##### Input material

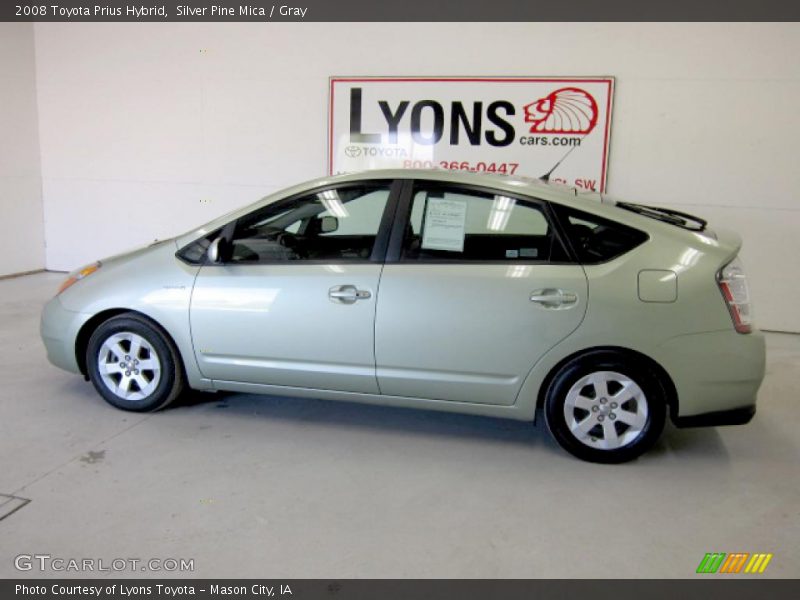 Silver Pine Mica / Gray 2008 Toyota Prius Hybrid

##########
##### Input material

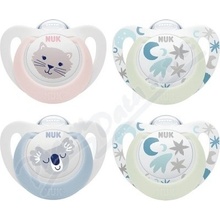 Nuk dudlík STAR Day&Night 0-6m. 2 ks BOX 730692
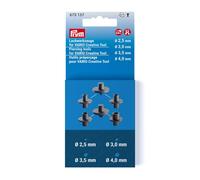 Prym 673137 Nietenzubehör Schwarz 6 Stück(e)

##########

→ About this task: The answer is those lines of the material above that run from the one containing "Nuk dudlík STAR" up to and including the one containing "Prym 673137 Nietenzubehör Schwarz 6 Stück(e)", restated exactly and without images.

→ Answer space:
 Nuk dudlík STAR Day&Night 0-6m. 2 ks BOX 730692
 Prym 673137 Nietenzubehör Schwarz 6 Stück(e)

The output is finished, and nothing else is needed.